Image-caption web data
---------------
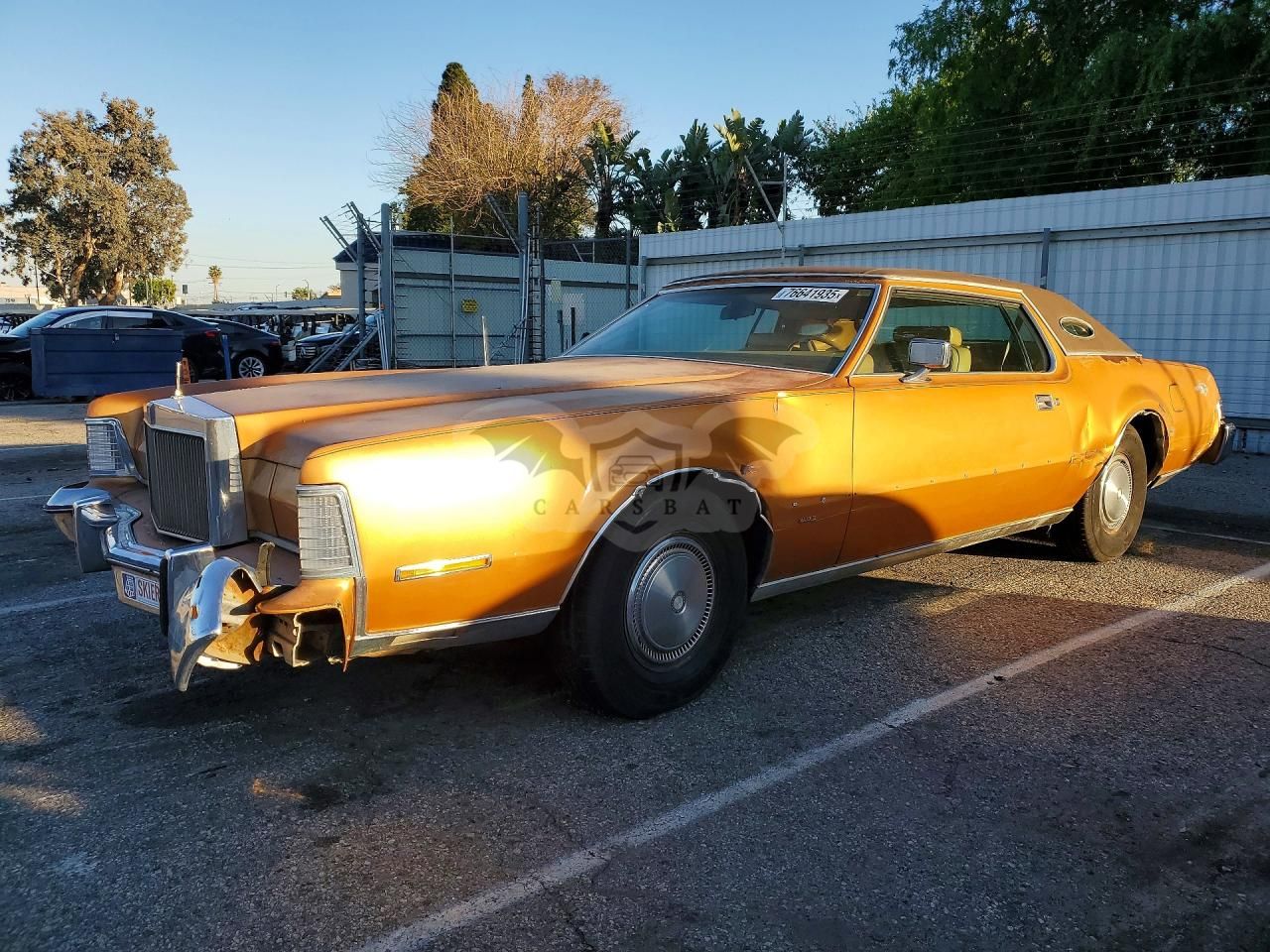 Lincoln Continental 1975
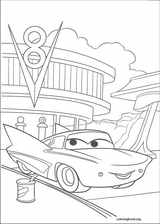 Cars coloring page (050)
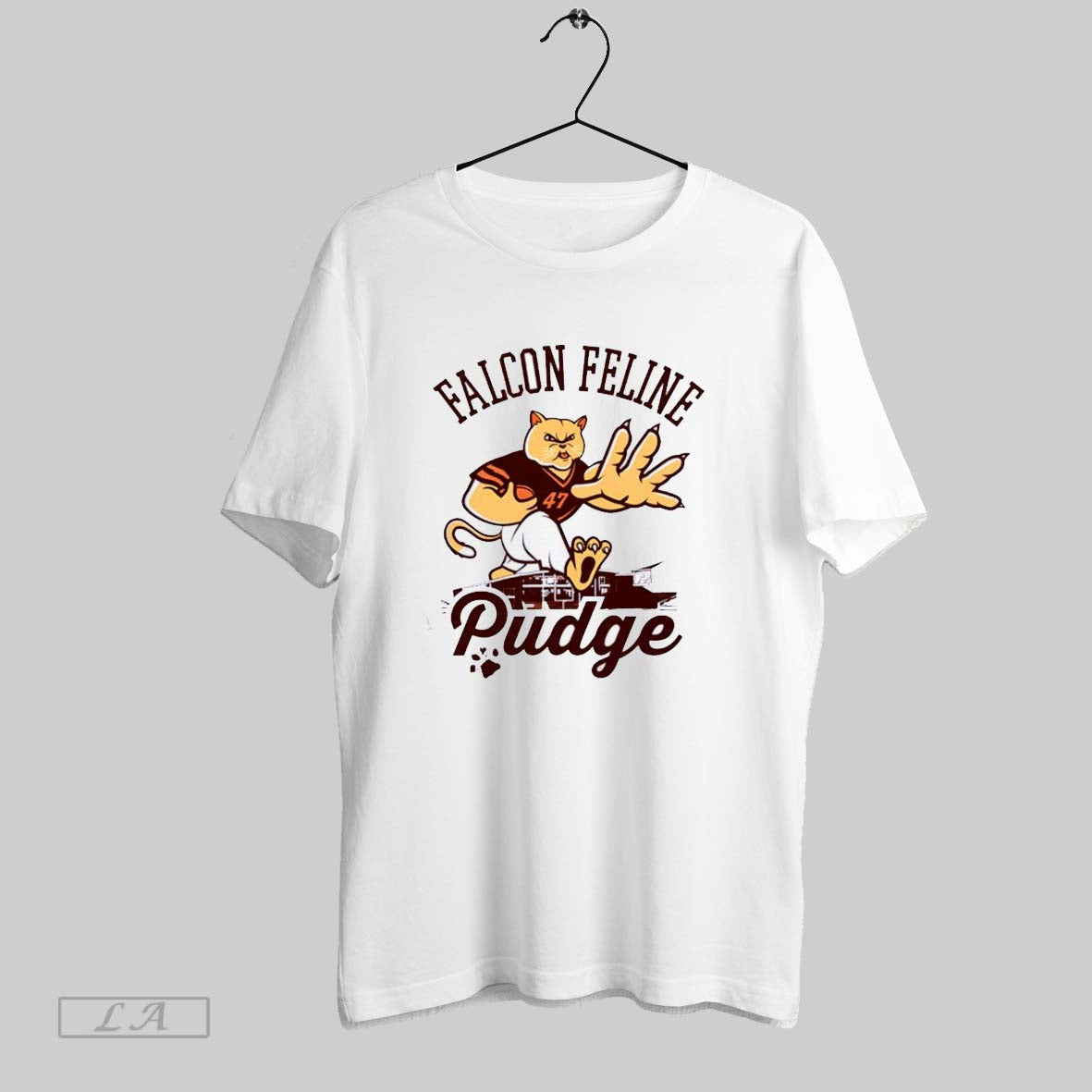 Original Bowling Green Falcons Feline Pudge The Ca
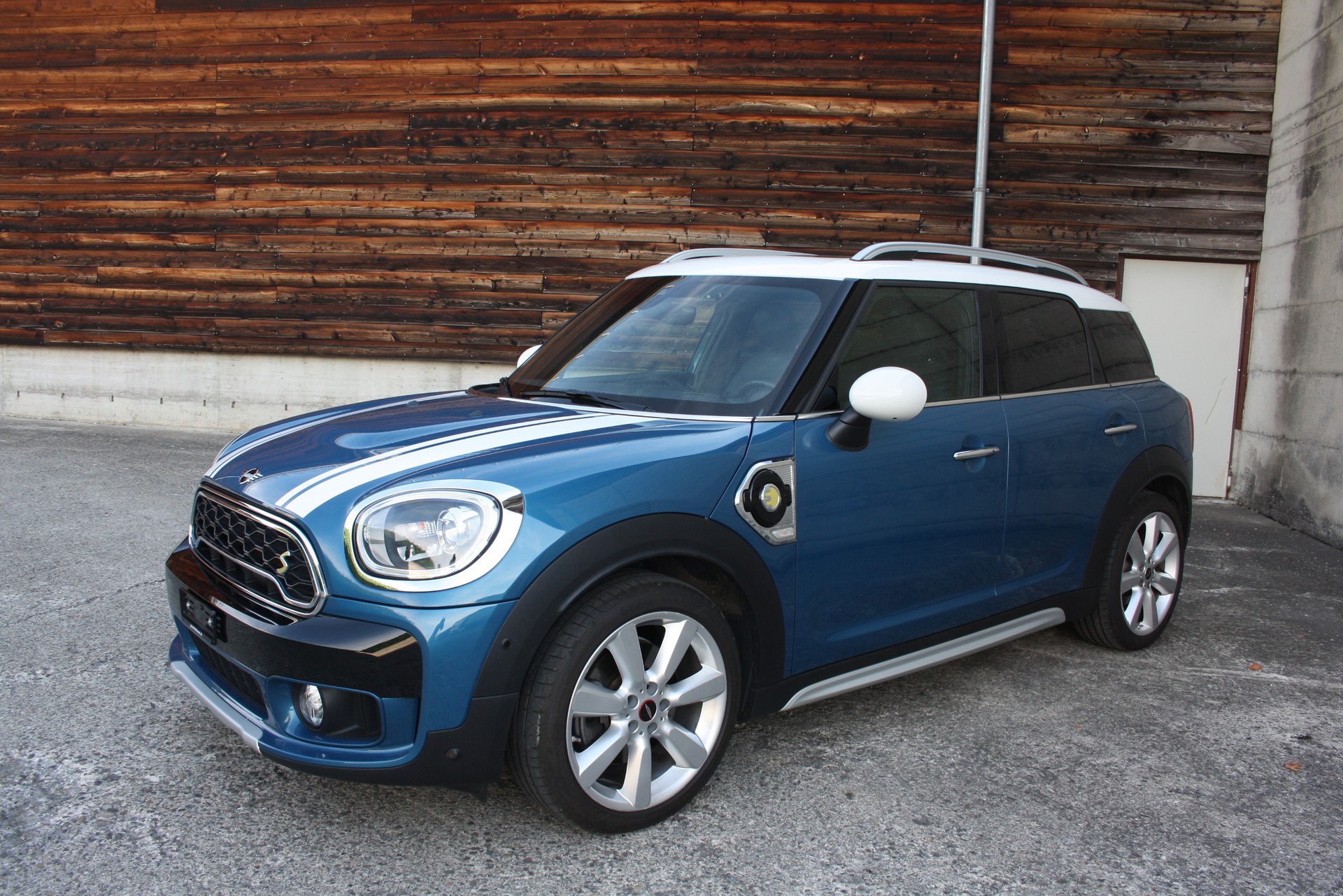 MINI Countryman Cooper S E ALL4 Steptronic-image-2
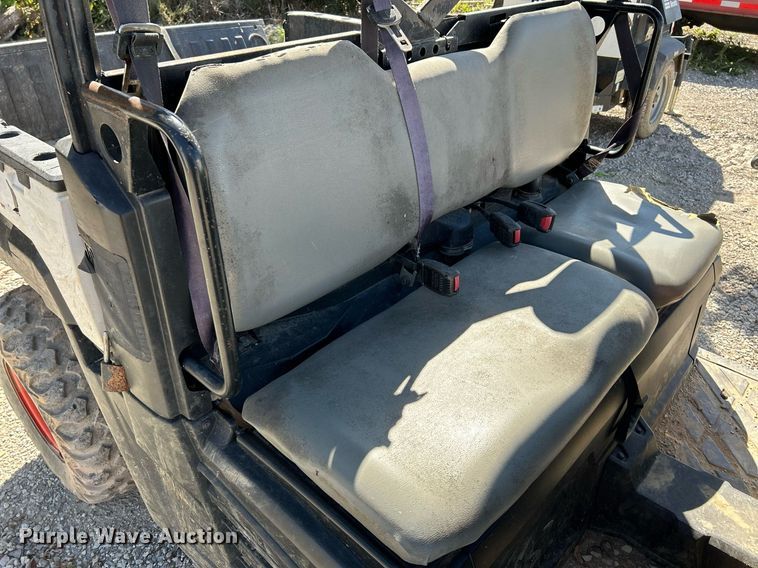 image for item NQ9922 2018 Bobcat  utility vehicle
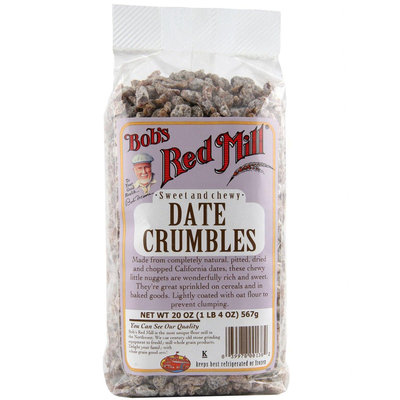 Bob's Red Mill Sweet and Chewy Date Pieces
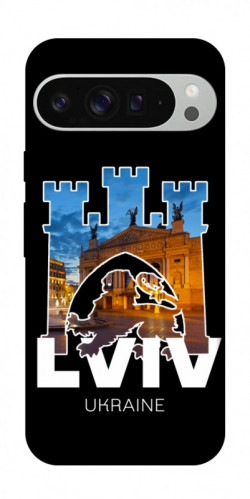 Чохол itsPrint Lviv для Google Pixel 9 Pro XL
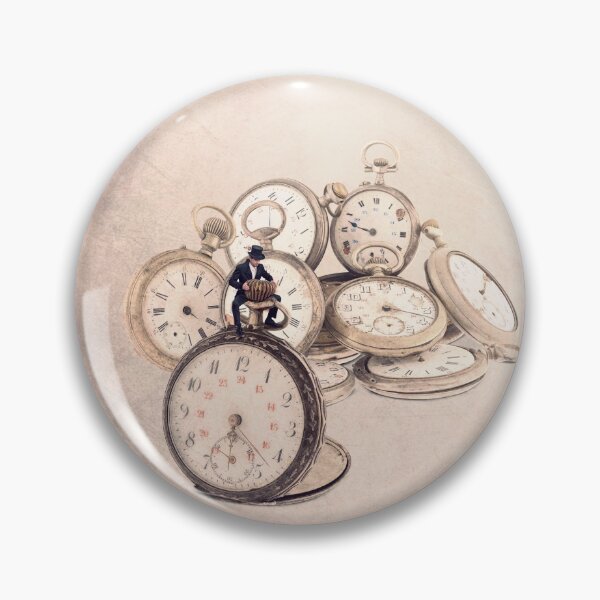 Item preview, pocket watch print designed and sold by yannpendaries.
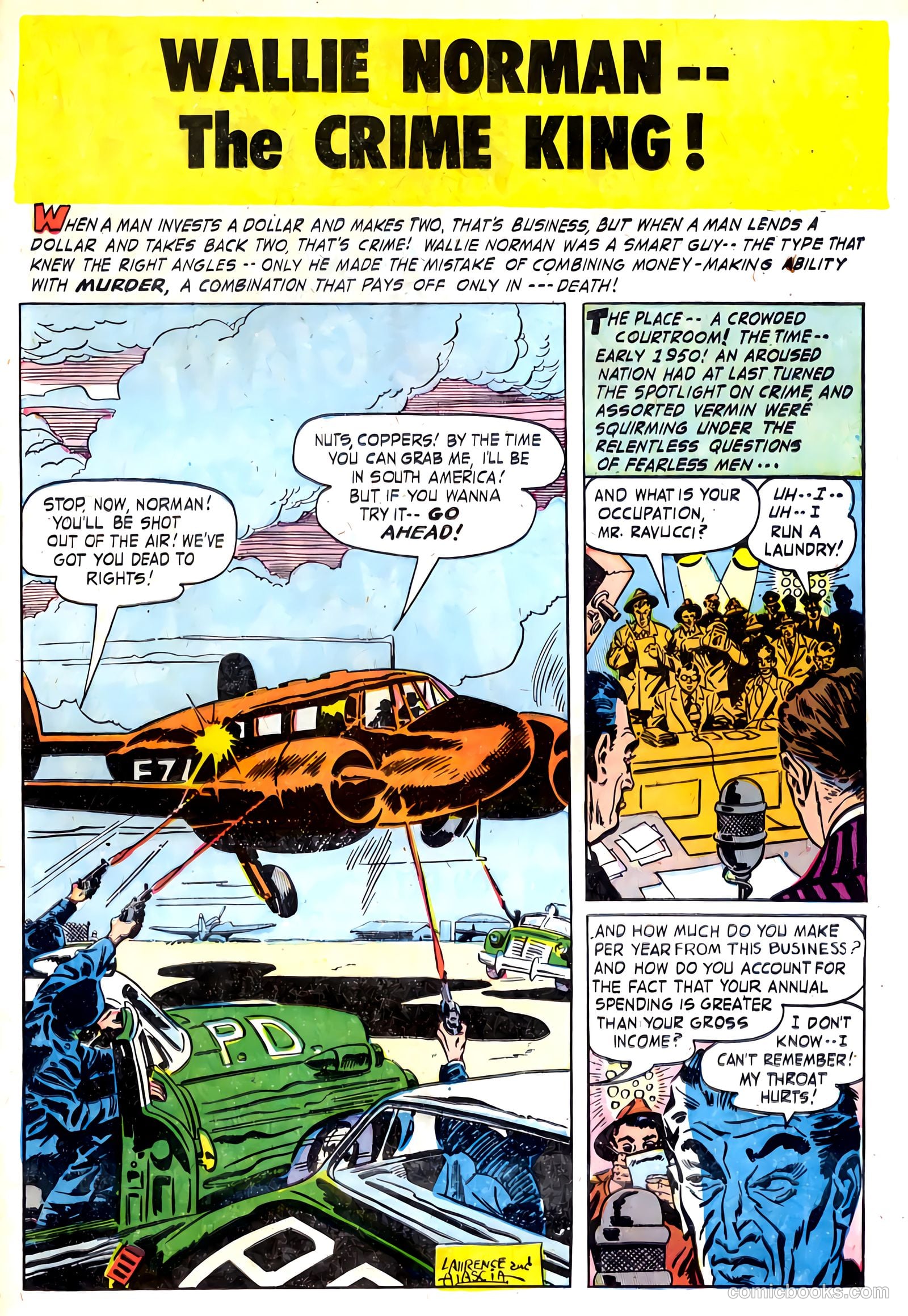 Fighting Daniel Boone #1 (1958) — page 25 of 36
---------------
Problem description
From the line containing "Чохол itsPrint Lviv" through the end of the entries, quote each line exactly and nothing else, excluding all pictures.

Solution to this task
 Чохол itsPrint Lviv для Google Pixel 9 Pro XL
 Item preview, pocket watch print designed and sold by yannpendaries.
 Fighting Daniel Boone #1 (1958) — page 25 of 36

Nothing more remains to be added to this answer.